Could you write out every record below exactly, leaving out any pictures?

Image-caption web data:
* * * * * * * * *
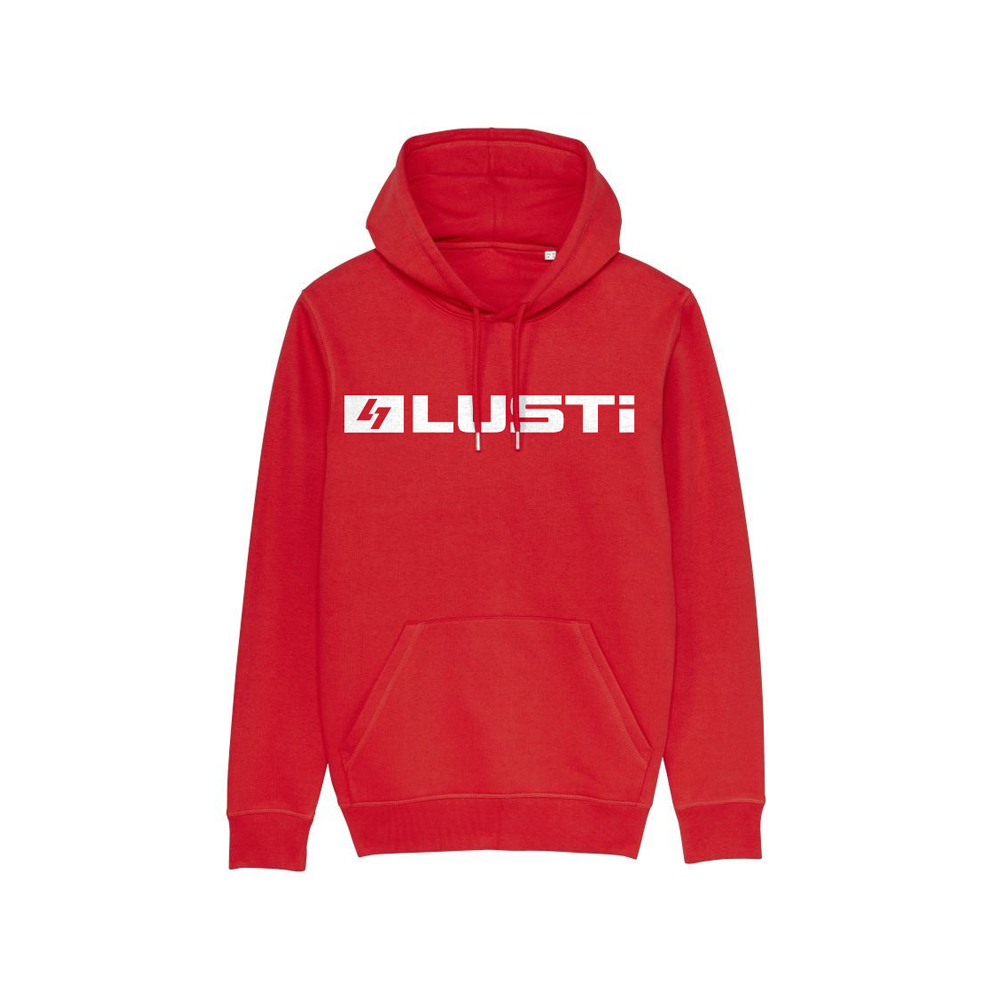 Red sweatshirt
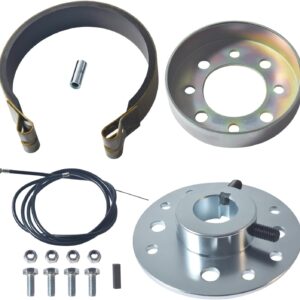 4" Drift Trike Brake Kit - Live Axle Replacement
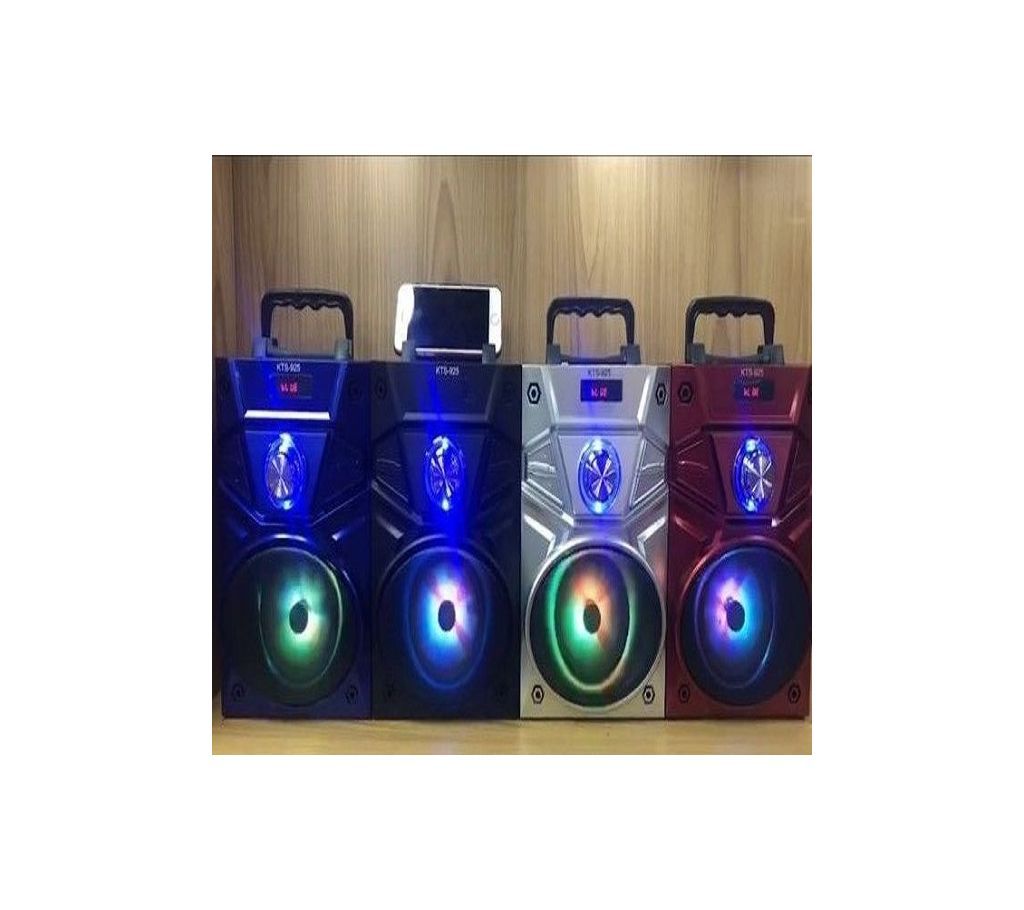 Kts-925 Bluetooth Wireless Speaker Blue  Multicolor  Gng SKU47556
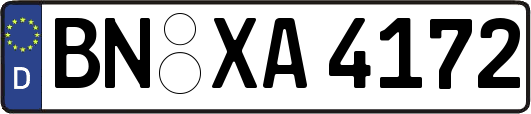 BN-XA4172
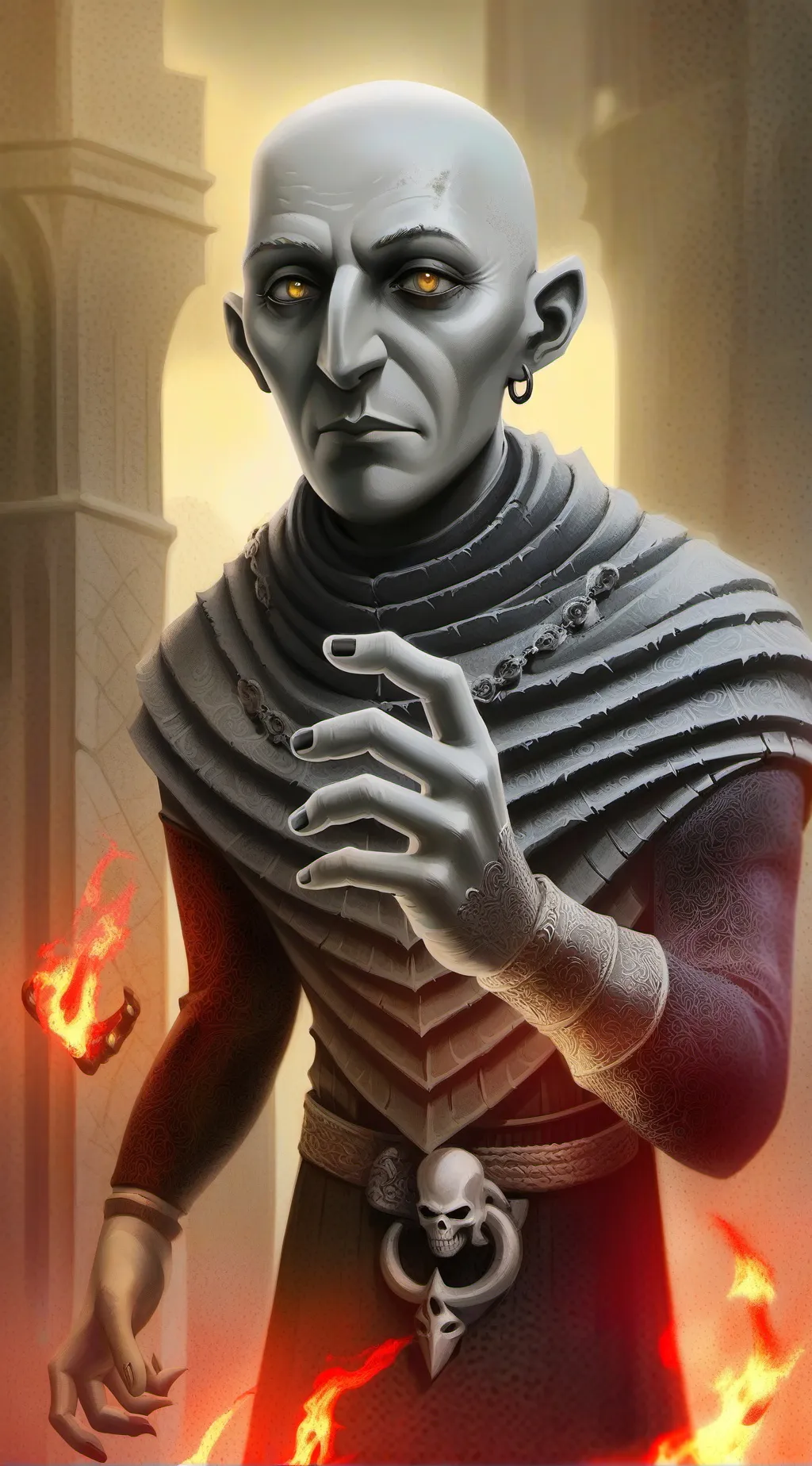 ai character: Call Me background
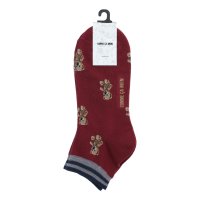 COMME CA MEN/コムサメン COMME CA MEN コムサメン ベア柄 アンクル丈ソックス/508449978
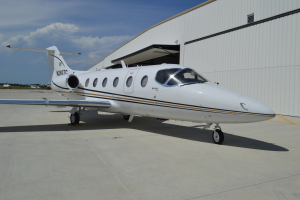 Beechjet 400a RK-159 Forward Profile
* * * * * * * * *
[ANSWER FOR THE TASK]
 Red sweatshirt
 4" Drift Trike Brake Kit - Live Axle Replacement
 Kts-925 Bluetooth Wireless Speaker Blue  Multicolor  Gng SKU47556
 BN-XA4172
 ai character: Call Me background
 COMME CA MEN/コムサメン COMME CA MEN コムサメン ベア柄 アンクル丈ソックス/508449978
 Beechjet 400a RK-159 Forward Profile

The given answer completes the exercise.